*** Block opens ***

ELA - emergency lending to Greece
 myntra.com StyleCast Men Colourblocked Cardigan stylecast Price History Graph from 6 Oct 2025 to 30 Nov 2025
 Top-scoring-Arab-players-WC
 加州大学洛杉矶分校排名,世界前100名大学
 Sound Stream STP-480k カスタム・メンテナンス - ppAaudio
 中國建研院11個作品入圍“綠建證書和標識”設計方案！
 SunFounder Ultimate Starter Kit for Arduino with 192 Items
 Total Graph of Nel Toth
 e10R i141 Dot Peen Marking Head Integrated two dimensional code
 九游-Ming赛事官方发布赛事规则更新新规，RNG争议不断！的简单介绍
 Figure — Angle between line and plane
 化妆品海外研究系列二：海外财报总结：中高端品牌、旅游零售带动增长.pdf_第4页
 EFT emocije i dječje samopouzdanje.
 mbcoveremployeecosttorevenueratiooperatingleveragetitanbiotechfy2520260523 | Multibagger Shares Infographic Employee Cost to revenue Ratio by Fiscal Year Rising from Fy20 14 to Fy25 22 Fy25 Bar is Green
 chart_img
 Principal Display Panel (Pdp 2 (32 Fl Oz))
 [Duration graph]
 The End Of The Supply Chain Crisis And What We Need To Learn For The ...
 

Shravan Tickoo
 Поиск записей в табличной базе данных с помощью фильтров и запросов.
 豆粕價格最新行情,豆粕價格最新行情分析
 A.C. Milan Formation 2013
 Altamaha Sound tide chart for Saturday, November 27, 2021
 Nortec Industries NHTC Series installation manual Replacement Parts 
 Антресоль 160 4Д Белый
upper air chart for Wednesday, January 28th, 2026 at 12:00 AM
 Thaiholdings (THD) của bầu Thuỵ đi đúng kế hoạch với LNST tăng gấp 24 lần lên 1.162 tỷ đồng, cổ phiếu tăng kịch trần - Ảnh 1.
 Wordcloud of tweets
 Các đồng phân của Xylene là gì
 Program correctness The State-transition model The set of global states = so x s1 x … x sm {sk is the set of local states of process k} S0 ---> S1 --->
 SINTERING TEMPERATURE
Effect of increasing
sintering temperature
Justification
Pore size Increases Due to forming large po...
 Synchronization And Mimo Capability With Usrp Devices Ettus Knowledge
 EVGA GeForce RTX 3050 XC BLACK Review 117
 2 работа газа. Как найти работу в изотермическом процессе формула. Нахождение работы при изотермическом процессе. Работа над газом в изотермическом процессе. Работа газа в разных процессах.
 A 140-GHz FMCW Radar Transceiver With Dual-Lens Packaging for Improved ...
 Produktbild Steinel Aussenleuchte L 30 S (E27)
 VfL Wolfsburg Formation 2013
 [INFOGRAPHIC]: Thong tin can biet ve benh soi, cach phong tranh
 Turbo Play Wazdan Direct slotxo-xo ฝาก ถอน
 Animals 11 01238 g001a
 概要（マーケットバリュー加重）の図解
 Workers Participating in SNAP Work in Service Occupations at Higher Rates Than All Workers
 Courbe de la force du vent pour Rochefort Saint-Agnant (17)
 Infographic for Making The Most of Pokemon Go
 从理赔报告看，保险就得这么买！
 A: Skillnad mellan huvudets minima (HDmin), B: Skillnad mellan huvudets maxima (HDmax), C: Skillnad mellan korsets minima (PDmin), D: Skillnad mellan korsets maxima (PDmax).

*** Block closes ***

- Try it: Write out each line of the data that holds the string "from".

- Exercise result:
 myntra.com StyleCast Men Colourblocked Cardigan stylecast Price History Graph from 6 Oct 2025 to 30 Nov 2025
 mbcoveremployeecosttorevenueratiooperatingleveragetitanbiotechfy2520260523 | Multibagger Shares Infographic Employee Cost to revenue Ratio by Fiscal Year Rising from Fy20 14 to Fy25 22 Fy25 Bar is Green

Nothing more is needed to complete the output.